Les Déferlantes : le titre et le souffle jouent les grandes orgues face au lecteur médusé, happé par le récit dès les premières pages. La tempête est imminente. Les personnages sont déjà en place, auréolés de silence et de non-dits. Le finistère normand est au diapason des vies brisées. Plus qu’un cadre, la Hague prend corps avec la mer tout autour. La première vingtaine de pages du roman contient au moins une phrase remarquable :
« La mer s’est durcie, elle est devenue noire comme si quelque chose d’intolérable la nouait de l’intérieur » ; « Dans la lueur des éclairs, les rochers qui encerclaient le phare semblaient voler en éclats » ; « Ces vagues, les déferlantes. Je les ai aimées. Elles m’ont fait peur. Il faisait tellement nuit ». Pour le lecteur velléitaire, voici encore une phrase splendide qui montre le talent de l’écrivain :
« Les gens d’ici disaient qu’il fallait être fou pour habiter dans un tel endroit. Ils lui avaient donné ce nom, la Griffue, à cause des bruits d’ongles que faisaient les branches des tamaris en grinçant contre les volets. C’était un ancien hôtel avant. Avant, c’était quand ? ». L’auteur a su s’immerger dans le microcosme d’un bout du monde pour en saisir les rouages subtils, en démêler les histoires obscures et rendre compte d’une nature magnifique, violente et impénétrable à l’image des vies errantes qui se brisent et se reconstituent dans un élan qui les dépasse. La narratrice, appelée Princesse, Miss ou Ténébreuse, ancien professeur de biologie de l’université d’Avignon, s’est dirigée vers la pointe du Cotentin, payée et logée sommairement par le Groupe ornithologique normand, afin de se détourner d’un deuil tragique et d’étudier les cormorans. Quand la douleur reflue, le vide s’installe. Lambert est là aussi, venu d’ailleurs mais ancré au rivage de la Hague par le deuil de sa famille, père, mère et frère, des décennies auparavant. A l’époque, le phare semble s’être éteint. Malveillance ou erreur ? Le voilier s’est échoué. Lambert était resté à terre. Depuis, il n’est ni vivant, ni mort ; son esprit est parti en mer. Il aimerait savoir si Théo, l’ancien gardien du phare, a commis l’irréparable mais il ne sait comment contenir sa colère et aborder le vieil homme. Ténébreuse et Lambert peuvent-ils se retrouver ? Au bord de quel terrain vague ? Il y a aussi Morgane, la sœur de Raphaël, le sculpteur, qui voudrait faire l’amour avec des hommes et se faire payer. Le notaire Anselme l’admire. Max, l’idiot du village, bave de désir devant elle. Il y a encore Lili, la Mère, Nan, la Cigogne et Michel. Le passé est une chape de plomb ; le présent un ennui qui se ressasse ; le futur une brume flottante. Le lecteur ne sent pas le temps passer. L’écriture du roman est aérée. Les phrases courtes claquent ou s’effilochent mais disent avec justesse les tourments et les lassitudes, les joies brutes et s’approchent près de la vérité des êtres. La sincérité des personnages décuple la force des sentiments. Le paysage porte déjà en lui toute la dramaturgie des existences flouées. Sans pose romantique, l’auteur a su projeter les pensées et les pulsions de ses personnages dans les mouvements et les humeurs de la mer.
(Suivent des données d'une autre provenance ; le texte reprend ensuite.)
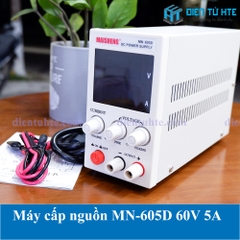 Máy cấp nguồn DC MN-605D 0-60V 0-5A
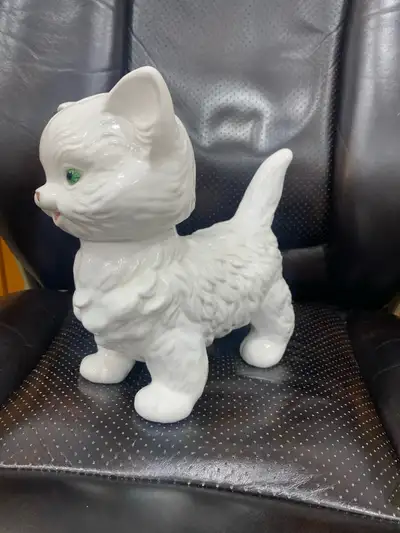 glass white kitty , View more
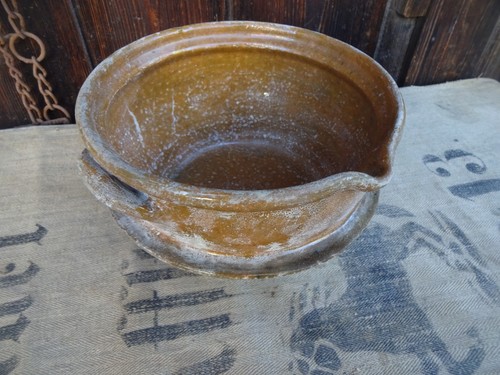 Alter ofen topf hafnerware - ofen,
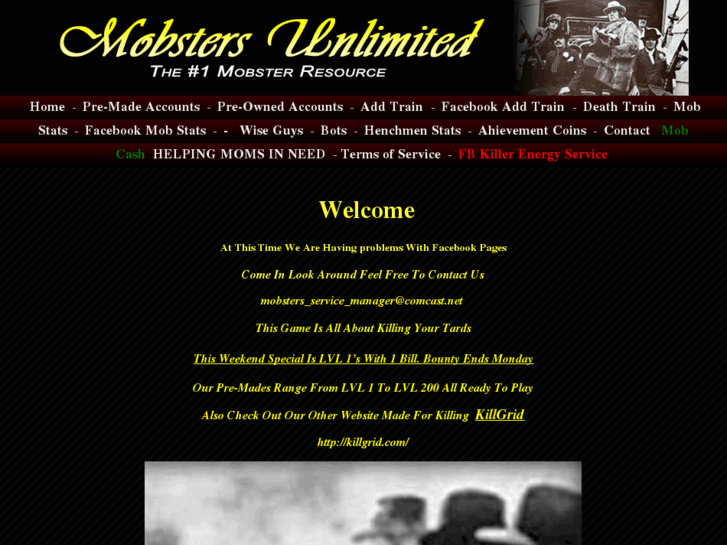 www.mobsters-unlimited.com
J’ai pu noter quelques légères exagérations ou approximations mais ce ne sont que des peccadilles : le chanteur et poète belge Julos Beaucarne ne s’écrit pas « Bocarne » ; pour avoir été un adhérent actif du GON, je crois que Claudie Gallay enfle le poids et l’autorité de l’association d’ornithologie ; membre de la SNPN, je cherche encore les cabanes sur pilotis en Camargue où l’on peut passer la nuit à observer des oiseaux. Si le roman marque un peu le pas au fil de la narration, un réveil de l’auteur a lieu à la charnière du livre, page 293. Là, Claudie Gallay reprend les rênes de l’histoire et passe aux révélations mais le lecteur peu attentif que je suis suppose déjà la fin et trouve la solution de l’enquête avant le dénouement. Peu de surprises dans l’intrigue mais le plaisir de lecture est constant. On cherche et on trouve le sable aurifère que l’écrivain sème au fil des phrases. Le livre mérite bien de figurer premier au palmarès du magazine Lire. Il paraît que Claudie Gallay doute toujours de son talent. Elle possède pourtant le souffle de l'écrivain et son roman best seller vient d’être acquis pour 120 000 € en paiement des droits ; il devrait être adapté au cinéma par François Dupeyron. Il sera alors probablement bien difficile, en passant du texte à l’image, de ne pas transformer les silences éloquents du livre en ennui pesant.